Florida Gov Ron DeSantis ignored opponents’ objections citing damage to the state’s coffers and local taxpayers and on Friday signed the bill dissolving the Reedy Creek Improvement District that allows Disney World to self-govern its property in Central Florida, the AP reports.
With his political attack on Walt Disney Co.’s First Amendment rights for recognizing the existence of LGBTQ people, Republican Governor Ron DeSantis will burden the citizens of Florida, particularly those in the county where Disneyland is located, with more than $1 billion in taxes, WFTV ABC-9 Orlando reports.
The revocation of the Reedy Creek Improvement District, which give Disney special operating allowances that lets it control services, expenses and upkeep on their properties, would mean that $105 million dollars per year in services Disney pays for itself would be spread among all taxpayers in the area, along with an additional $58 million per year in debt obligations Disney solely pays by itself.
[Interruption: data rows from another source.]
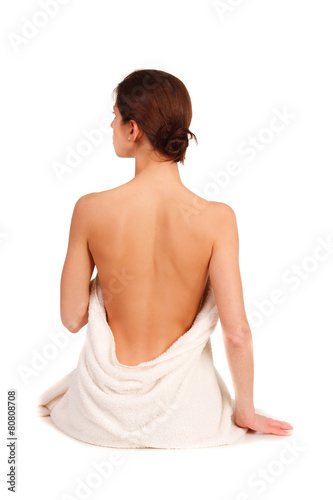 beautiful woman in spa sitting with a back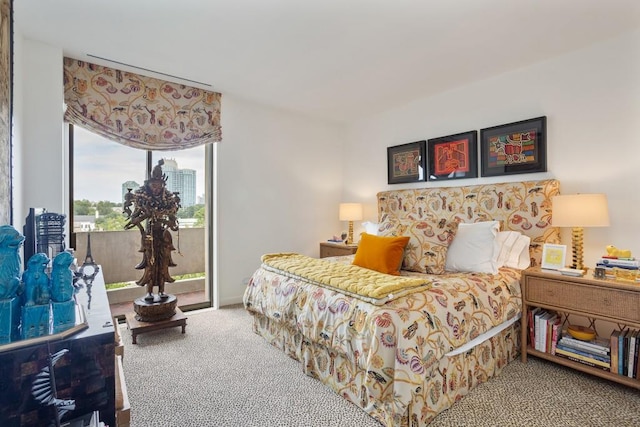 bedroom featuring carpet floors and access to exterior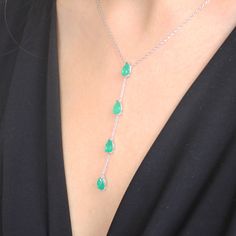 Dazzle with elegance with our 925 Sterling Silver Paraiba Gemstone Y Necklace, featuring a stunning emerald-like appearance that captivates and charms. Elevate your style with our exquisite Paraiba Gemstone Y Necklace, a mesmerizing blend of elegance and sophistication. This handcrafted masterpiece is created with precision and passion, featuring a choice between two stunning versions, each boasting the unparalleled beauty of Paraiba gemstones. Version 1 - Red Paraiba Elegance: Embrace the allur Formal Drop Emerald Gemstone Necklace, Drop Emerald Necklace For Formal Occasions, Elegant Hallmarked Green Emerald Necklace, Elegant Silver Drop Emerald Necklace, Fine Jewelry Silver Pear-shaped Emerald Necklace, Green Drop Emerald Necklace For May Birthstone, Green Emerald Drop Necklace For Formal Occasions, Green Drop Emerald Necklace For Formal Occasions, Elegant Silver Pear-shaped Gemstones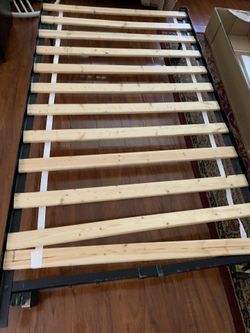 Twin size bed frame with mattress holding wood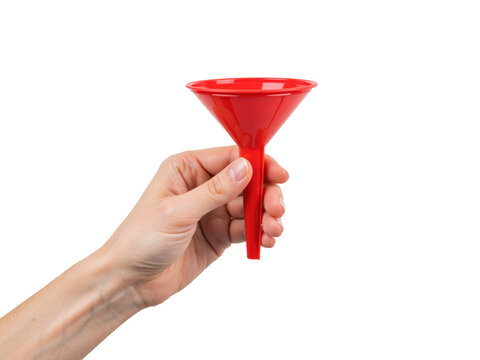 Hand holding a red plastic funnel by the stem, isolated on transparent background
If the district is terminated June 1, 2023, as DeSantis insists, each taxpayer in the jurisdiction would be liable for an additional tax increase that would push their liability up by one quarter. “I don’t see how Orange County doesn’t raise property taxes by 20% to 25%,” Orange County Tax Collector Scott Randolph said. “That’s what [the county] would probably have to do to cover this financial situation.”